The erosion occuring when raindrops hit the front / leading edge of turbine blades is one of the most critical degradation mechanisms on wind turbine blades. If the number of on-site repairs could be reduced, the resulting savings would be immense.
To develop new and better turbine blade coatings, tools for measuring of the performance are required. A novel accelerated erosion test method, a so-called Single Point Impact Fatigue Tester (SPIFT), is successfully developed during a Materials Fast Track project as a part of the on-going PhD-project by Nicolai Frost-Jensen Johansen from DTU in collaboration with Siemens Gamesa and Hempel.
Existing rain erosion tools can simulate the effect of many water droplets hitting the leading edge. However, no tools exist that can generate droplets hitting a single point. Without the ability to impact a single point, it is not possible to understand the interaction between a droplet and the protective coating, and how it leads to erosion.

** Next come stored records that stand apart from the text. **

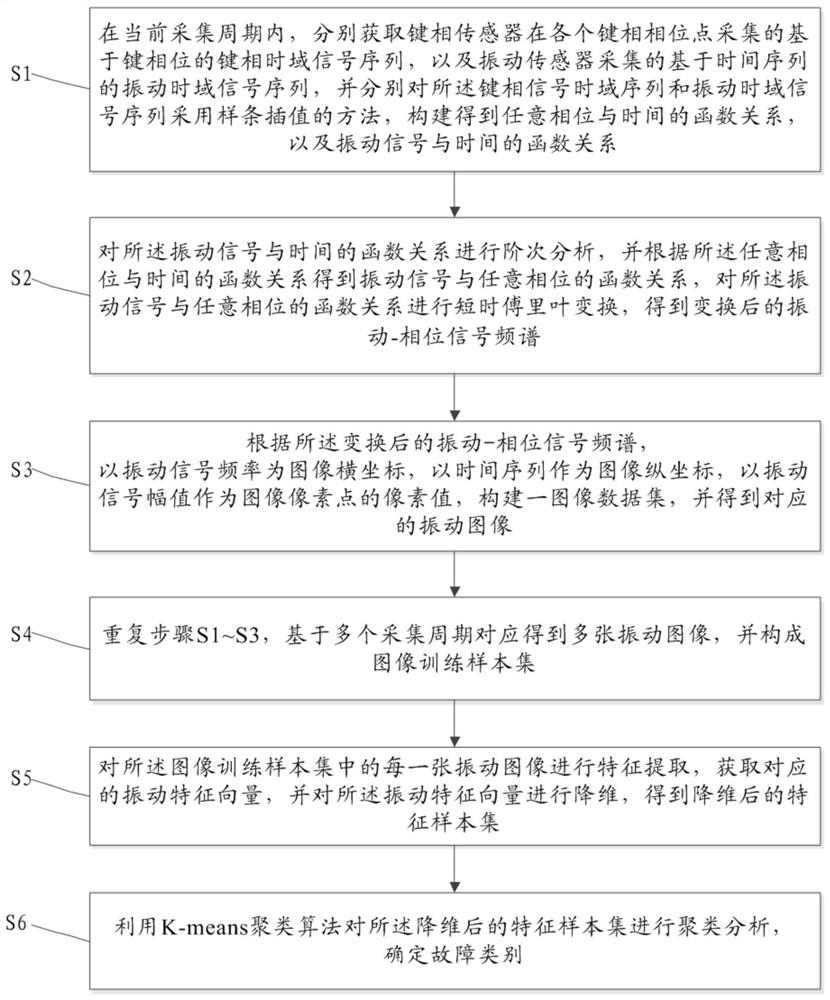 一种基于振动信号图像化的故障识别方法及系统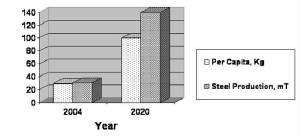 chart-4.jpg
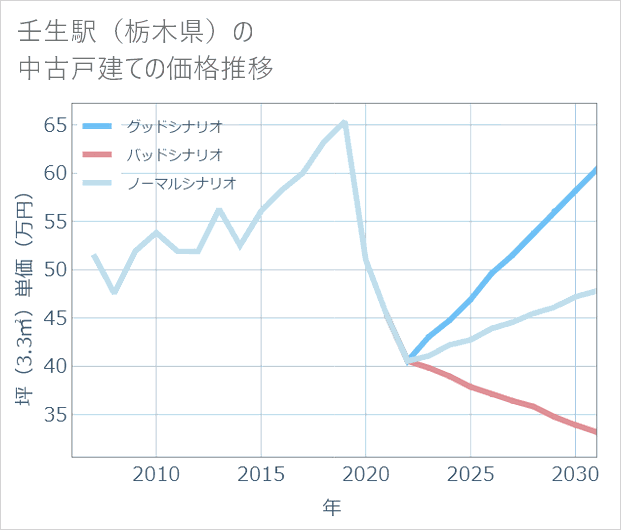 壬生駅(栃木県)の中古戸建て価格推移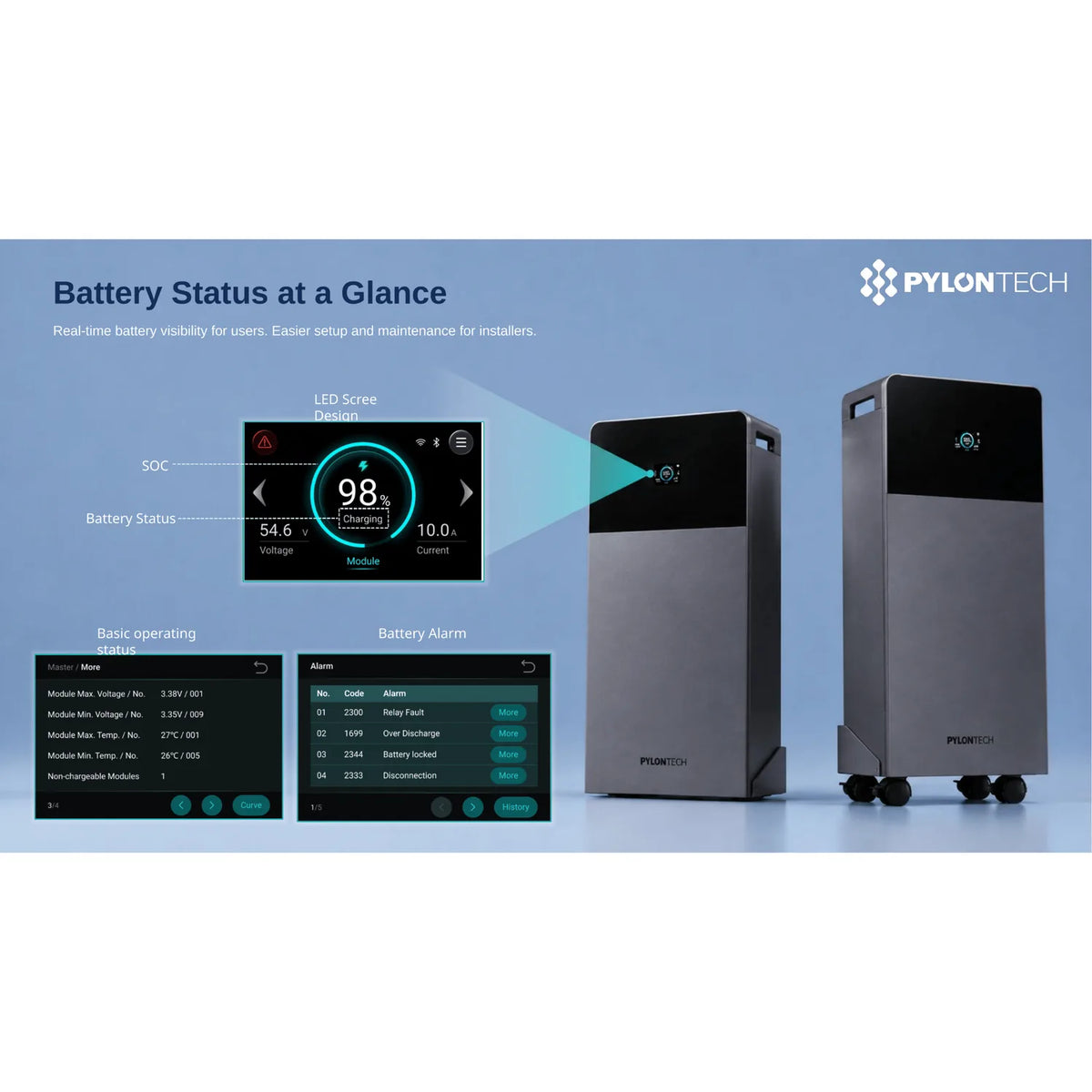 Pylontech battery management system display showing 98% charge status, voltage, and current readings alongside two tall gray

Since it is not possible to accelerate individual droplets of water to a specific target, the idea was formulated to substitute droplets with solid elastomer projectiles of comparable size, speed, and density to that of rain, and shoot these towards a stationary target. This idea led to the construction of the SPIFT (Single Point Impact Fatigue Tester).
With the SPIFT, the actual damages can now be compared to analytical and numerical simulations, and as a result of this critical material parameters can be isolated. Consequently, new coatings are now being developed based on a stronger imperial and analytical foundation made possible by the SPIFT.